Beginning optimization with 10000000 training steps.
tiny-cuda-nn warning: GPUMemoryArena: GPU 0 does not support virtual memory. Falling back to regular allocations, which will be larger and can cause occasional stutter.
terminate called after throwing an instance of ‘std::runtime_error’
what(): /main/tiny-cuda-nn/include/tiny-cuda-nn/cuda_graph.h:99 cudaStreamEndCapture(stream, &m_graph) failed: operation failed due to a previous error during capture
Aborted (core dumped)

Any solution?

It looks exactly same as me. I haven’t found any solution yet.

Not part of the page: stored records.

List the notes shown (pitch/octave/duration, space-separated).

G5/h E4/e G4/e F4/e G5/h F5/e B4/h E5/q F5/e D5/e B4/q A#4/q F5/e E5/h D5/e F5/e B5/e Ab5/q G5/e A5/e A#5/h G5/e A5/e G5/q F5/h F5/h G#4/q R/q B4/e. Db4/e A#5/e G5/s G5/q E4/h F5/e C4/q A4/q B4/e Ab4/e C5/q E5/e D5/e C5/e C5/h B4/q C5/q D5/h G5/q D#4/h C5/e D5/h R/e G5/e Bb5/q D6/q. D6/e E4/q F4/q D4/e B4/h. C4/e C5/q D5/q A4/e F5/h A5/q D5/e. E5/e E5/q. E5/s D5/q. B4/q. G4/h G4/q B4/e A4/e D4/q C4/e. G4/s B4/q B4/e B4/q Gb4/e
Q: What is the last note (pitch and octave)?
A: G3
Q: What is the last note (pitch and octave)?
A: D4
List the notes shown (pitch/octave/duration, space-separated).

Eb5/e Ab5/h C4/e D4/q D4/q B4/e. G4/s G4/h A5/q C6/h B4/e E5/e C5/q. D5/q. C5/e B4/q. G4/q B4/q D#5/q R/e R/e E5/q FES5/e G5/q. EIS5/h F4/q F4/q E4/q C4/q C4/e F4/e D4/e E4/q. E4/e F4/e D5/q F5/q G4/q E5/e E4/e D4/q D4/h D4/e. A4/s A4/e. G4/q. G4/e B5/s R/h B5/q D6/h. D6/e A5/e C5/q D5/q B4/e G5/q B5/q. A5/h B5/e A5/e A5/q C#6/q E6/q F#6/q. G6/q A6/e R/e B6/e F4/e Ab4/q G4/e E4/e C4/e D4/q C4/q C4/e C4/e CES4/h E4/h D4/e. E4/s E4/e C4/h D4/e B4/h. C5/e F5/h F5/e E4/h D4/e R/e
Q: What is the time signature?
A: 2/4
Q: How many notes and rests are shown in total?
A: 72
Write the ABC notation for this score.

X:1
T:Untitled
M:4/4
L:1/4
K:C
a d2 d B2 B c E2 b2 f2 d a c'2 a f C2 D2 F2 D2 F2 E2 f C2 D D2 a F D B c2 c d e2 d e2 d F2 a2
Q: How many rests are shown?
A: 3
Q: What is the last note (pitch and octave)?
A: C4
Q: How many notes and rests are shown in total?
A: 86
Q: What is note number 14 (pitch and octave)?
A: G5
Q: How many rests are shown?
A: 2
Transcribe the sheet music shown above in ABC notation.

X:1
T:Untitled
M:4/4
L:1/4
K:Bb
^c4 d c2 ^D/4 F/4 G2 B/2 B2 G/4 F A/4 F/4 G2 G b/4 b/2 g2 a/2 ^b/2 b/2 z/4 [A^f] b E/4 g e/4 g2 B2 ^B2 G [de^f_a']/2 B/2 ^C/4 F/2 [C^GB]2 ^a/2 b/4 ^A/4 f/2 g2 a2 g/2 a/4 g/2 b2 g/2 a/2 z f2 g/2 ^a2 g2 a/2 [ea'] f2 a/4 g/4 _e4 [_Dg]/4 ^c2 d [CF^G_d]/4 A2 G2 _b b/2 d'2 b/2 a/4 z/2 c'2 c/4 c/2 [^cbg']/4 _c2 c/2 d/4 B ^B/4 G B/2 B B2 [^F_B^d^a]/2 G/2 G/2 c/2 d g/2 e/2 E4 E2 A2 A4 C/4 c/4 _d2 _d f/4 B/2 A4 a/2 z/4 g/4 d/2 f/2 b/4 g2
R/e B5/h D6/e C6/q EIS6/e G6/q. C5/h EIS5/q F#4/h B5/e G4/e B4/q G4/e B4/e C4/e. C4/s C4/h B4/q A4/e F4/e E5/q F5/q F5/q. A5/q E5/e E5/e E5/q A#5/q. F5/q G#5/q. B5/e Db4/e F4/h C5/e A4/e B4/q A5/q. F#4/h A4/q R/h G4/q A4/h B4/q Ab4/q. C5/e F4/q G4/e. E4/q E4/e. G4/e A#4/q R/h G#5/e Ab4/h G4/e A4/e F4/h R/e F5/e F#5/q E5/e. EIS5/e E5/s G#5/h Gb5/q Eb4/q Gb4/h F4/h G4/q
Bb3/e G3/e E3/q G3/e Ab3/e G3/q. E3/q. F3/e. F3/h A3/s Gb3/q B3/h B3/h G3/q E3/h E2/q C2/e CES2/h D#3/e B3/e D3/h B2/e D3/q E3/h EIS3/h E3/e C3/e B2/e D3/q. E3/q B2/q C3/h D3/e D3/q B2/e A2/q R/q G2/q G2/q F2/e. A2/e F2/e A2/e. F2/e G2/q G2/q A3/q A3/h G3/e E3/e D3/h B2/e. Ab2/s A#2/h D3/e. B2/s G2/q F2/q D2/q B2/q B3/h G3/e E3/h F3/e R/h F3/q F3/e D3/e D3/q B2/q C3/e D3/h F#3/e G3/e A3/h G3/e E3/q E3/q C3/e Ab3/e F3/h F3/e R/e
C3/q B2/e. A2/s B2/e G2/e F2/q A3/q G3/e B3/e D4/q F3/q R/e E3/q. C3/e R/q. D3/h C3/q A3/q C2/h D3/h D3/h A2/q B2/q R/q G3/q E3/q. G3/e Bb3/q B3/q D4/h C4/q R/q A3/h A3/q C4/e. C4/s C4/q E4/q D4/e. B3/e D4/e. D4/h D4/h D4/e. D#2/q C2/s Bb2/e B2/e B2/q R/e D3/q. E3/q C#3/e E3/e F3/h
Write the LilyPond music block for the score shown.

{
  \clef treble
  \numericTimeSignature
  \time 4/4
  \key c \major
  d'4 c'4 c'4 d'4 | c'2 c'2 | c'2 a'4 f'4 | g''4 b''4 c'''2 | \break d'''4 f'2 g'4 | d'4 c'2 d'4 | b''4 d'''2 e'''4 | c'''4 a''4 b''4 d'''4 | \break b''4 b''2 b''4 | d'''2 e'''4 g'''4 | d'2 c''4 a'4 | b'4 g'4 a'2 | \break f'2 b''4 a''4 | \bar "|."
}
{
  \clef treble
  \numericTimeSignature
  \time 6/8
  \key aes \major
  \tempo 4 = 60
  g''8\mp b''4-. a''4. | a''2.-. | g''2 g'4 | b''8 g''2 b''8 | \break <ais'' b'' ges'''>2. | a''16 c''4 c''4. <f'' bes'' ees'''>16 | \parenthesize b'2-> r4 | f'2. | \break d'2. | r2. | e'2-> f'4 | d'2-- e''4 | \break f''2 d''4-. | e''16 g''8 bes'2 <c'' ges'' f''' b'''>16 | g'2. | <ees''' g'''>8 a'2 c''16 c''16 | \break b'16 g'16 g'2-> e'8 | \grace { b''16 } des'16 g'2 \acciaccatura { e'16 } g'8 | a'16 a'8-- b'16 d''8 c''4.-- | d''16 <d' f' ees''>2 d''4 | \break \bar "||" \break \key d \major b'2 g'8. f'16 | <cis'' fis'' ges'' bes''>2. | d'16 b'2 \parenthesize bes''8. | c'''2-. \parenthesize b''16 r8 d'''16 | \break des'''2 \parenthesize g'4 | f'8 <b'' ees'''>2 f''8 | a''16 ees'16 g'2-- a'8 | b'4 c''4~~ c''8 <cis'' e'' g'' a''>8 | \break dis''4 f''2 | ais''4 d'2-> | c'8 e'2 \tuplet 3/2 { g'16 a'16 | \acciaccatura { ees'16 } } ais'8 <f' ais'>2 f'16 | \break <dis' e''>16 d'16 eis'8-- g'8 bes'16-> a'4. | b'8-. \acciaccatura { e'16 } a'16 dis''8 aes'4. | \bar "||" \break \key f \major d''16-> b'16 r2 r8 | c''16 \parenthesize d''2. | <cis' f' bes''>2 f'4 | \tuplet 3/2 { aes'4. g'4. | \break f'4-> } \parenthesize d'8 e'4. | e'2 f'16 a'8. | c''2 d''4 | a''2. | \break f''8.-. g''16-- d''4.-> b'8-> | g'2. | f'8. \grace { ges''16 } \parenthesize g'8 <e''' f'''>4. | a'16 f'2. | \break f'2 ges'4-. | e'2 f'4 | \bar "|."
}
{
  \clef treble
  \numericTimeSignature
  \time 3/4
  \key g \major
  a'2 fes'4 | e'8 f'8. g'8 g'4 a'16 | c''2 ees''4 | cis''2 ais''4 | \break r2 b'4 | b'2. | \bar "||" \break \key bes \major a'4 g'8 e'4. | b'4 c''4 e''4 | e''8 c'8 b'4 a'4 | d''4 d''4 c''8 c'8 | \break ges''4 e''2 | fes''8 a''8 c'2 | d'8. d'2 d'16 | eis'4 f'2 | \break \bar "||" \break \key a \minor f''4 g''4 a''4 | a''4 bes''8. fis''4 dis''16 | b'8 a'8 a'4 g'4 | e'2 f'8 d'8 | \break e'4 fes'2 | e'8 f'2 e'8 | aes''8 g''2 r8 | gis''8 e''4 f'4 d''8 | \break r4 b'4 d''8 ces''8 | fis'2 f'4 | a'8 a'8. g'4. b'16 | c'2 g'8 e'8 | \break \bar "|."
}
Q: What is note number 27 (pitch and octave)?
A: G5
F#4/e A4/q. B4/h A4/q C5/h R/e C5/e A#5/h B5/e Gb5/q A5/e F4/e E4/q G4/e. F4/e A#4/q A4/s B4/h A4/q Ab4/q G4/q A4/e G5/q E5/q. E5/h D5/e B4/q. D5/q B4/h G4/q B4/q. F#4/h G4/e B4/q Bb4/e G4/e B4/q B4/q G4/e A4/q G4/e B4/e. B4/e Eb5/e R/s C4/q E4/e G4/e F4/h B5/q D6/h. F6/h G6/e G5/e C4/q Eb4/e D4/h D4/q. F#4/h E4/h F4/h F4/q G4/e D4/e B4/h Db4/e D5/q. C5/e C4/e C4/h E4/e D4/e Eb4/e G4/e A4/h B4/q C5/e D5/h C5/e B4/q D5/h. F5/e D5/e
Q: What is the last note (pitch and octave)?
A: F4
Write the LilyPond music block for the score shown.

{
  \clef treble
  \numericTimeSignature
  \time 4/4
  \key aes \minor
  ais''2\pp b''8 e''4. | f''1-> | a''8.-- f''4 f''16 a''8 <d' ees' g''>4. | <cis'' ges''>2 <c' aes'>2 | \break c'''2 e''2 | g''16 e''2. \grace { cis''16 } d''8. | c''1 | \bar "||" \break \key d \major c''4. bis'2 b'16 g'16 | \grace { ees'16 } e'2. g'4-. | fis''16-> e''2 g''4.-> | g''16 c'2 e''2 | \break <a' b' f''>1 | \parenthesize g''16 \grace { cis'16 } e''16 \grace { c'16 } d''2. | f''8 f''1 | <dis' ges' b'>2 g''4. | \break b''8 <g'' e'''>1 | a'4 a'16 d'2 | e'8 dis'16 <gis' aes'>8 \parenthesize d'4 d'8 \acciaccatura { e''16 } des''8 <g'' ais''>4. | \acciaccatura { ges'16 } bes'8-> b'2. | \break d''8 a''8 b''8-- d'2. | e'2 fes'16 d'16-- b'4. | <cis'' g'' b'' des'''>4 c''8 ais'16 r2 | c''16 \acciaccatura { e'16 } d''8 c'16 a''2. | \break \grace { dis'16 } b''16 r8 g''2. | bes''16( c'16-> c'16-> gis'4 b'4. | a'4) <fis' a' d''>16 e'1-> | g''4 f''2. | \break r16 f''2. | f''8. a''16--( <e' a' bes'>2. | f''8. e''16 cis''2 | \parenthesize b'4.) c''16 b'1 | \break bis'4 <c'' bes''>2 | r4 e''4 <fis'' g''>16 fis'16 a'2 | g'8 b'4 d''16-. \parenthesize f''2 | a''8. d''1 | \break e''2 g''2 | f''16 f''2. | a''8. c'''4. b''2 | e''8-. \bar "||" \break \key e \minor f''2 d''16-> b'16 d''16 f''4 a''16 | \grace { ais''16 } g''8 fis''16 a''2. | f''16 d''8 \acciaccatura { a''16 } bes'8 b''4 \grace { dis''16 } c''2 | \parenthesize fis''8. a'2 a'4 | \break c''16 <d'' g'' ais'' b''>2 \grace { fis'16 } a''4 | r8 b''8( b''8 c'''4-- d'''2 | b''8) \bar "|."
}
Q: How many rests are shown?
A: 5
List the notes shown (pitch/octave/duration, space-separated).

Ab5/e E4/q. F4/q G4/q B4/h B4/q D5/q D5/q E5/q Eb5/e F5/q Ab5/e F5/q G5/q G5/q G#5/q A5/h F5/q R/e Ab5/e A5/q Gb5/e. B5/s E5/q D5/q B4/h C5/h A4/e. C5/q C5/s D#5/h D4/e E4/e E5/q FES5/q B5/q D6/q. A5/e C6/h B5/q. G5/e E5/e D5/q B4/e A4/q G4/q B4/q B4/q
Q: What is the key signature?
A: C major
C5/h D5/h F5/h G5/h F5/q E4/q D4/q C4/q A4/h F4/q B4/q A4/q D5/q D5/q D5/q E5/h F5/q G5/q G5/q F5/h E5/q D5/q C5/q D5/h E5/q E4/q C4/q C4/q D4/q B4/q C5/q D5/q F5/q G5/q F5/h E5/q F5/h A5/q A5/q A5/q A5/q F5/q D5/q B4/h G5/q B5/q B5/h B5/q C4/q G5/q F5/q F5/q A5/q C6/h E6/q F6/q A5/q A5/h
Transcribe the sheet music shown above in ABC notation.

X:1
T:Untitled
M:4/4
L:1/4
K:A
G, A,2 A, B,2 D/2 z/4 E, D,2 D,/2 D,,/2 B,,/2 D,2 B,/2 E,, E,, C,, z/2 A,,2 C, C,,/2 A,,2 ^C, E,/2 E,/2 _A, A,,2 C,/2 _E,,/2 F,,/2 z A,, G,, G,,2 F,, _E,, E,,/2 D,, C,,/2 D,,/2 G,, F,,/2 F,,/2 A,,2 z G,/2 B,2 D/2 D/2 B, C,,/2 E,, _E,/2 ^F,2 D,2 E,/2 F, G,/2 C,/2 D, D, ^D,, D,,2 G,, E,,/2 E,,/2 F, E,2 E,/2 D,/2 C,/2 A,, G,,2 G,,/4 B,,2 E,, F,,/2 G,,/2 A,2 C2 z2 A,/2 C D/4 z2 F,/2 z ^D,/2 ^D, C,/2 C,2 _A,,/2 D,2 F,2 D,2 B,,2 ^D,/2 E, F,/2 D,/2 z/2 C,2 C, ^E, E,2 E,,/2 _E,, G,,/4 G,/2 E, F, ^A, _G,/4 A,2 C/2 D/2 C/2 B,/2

What is you JetPack version? I’m my case, I’m starting to think I’ll have to upgrade to JetPack 5.1.2

Here is my system.

  • NVIDIA GPU or System : JETSON TX2
  • NVIDIA Software Version : Jetpack 4.6.4, python 3.6.9, cuda10.2
    *OS Ubuntu 18.04.6

Could you please let me know if it works in Jetpack 5.1.2?

doesn’t look like out-of-memory on tegrastats. So far no luck installing tinycudann on Jetpack 5.1-b147 ( Orin AGX, Ubuntu 20.04, aarch64), so I am too wondering if it supported on Jetson.

1 Like

Hi,

Sorry for the late update.

We just confirmed that Virtual Memory Management is not supported on the TX2 device.
Based on the document below:

We add the query code to the /usr/local/cuda-10.2/samples/1_Utilities/deviceQueryDrv sample:
And got the answer=NO which indicates the feature is not supported on the TX2.

int deviceSupportsVmm;
CUresult result = cuDeviceGetAttribute(&deviceSupportsVmm, CU_DEVICE_ATTRIBUTE_VIRTUAL_ADDRESS_MANAGEMENT_SUPPORTED, dev);
printf("  Supports Virtual Memory Management:            %s\n", deviceSupportsVmm ? "Yes" : "No")

Thanks.

This topic was automatically closed 14 days after the last reply. New replies are no longer allowed.